Pada Agustus 2023, Indonesia diprediksi dihampiri oleh El Niño. Hal itu tentunya menjadi perhatian tersendiri bagi seluruh emiten perkebunan, salah satunya kelapa sawit. Beberapa ahli berpendapat bahwa dampak El Niño pada kelapa sawit tidak begitu signifikan, karena tanaman ini tergolong tanaman tahunan dengan tingkat adaptasi yang relatif tinggi. Sekalipun demikian, tidak menutup kemungkinan El Niño menyebabkan penurunan produktivitas Crude Palm Oil (CPO). Salah satu penelitian yang dilakukan oleh Darlan et al. (2016), peneliti Ilmu Tanah dan Agronomi Pusat Penelitian Kelapa Sawit (PPKS), menyebutkan bahwa fenomena El Niño pada 2015 telah menyebabkan timbulnya stres pada tanaman kelapa sawit yang ditandai dengan 0-6 daun tombak, 0-24 pelepah segar, mengalami sengkleh/patah pelepah, serta penurunan produktivitas hingga 60% pada semester pertama tahun 2016 (dibanding periode 2015). Sementara itu, Sakti (2023), berpendapat bahwa El Niño berdampak pada kemungkinan munculnya bunga jantan. Kondisi ini bisa berakibat turunnya nilai sex ratio, sehingga menyebabkan penurunan cadangan buah. Penurunan ini merupakan akibat dari aborsi bunga betina sebelum berkembang pada tanaman-tanaman muda yang berumur sekitar 3-5 tahun. El Niño juga bisa menyebabkan kegagalan tandan yang baru terbentuk. Bahkan, untuk tandan-tandan yang memang telah terbentuk bisa mengalami percepatan kematangan. Tentunya hal ini menyebabkan penurunan kualitas CPO yang dihasilkan.

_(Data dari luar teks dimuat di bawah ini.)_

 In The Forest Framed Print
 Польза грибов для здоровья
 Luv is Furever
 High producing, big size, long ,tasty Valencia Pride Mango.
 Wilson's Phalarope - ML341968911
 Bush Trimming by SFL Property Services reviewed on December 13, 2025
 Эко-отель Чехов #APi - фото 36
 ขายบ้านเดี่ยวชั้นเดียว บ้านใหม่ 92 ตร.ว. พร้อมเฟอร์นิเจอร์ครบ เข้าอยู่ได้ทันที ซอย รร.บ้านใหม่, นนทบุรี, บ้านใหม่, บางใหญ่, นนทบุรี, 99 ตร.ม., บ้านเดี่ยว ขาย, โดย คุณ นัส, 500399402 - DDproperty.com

Dampak El Niño 2023 di Indonesia kemungkinan baru akan dirasakan pada 2024, sebagaimana dikatakan oleh Head of Investor Relation Sampoerna, Agro Stefanus Darmagiri. Menanggapi hal tersebut, upaya-upaya meminimalisir dampak dari fenomena ini harus dipersiapkan sejak dini. Adapun langkah yang paling utama adalah fokus pada water management system yang prinsip dasarnya adalah menyekap air yang tersedia kemudian mengumpulkannya dan membagi air tersebut secara merata ke seluruh blok kebun agar kebutuhan air pada tanaman kelapa sawit senantiasa terpenuhi secara merata.
Mengingat dampak El Niño yang menyimpan bahaya laten bagi perkebunan kelapa sawit, para pihak terkait harus segera mengambil sikap sejak saat ini. Berbagai perbaikan infrastruktur perlu ditingkatkan. Disamping itu, diperlukan pula tim yang selalu siap siaga untuk mengantisipasi kemungkinan terjadinya kebakaran lahan. Sosialisasi kepada tenaga kerja maupun masyarakat sekitar kebun untuk menghindari segala bentuk kegiatan ataupun tindakan-tindakan kecil yang berpotensi menimbulkan kebakaran lahan (misalnya, membuang puntung rokok sembarangan dan membakar sampah) juga penting untuk dilakukan guna mendukung suksesnya program antisipasi El Niño pada 2023 ini.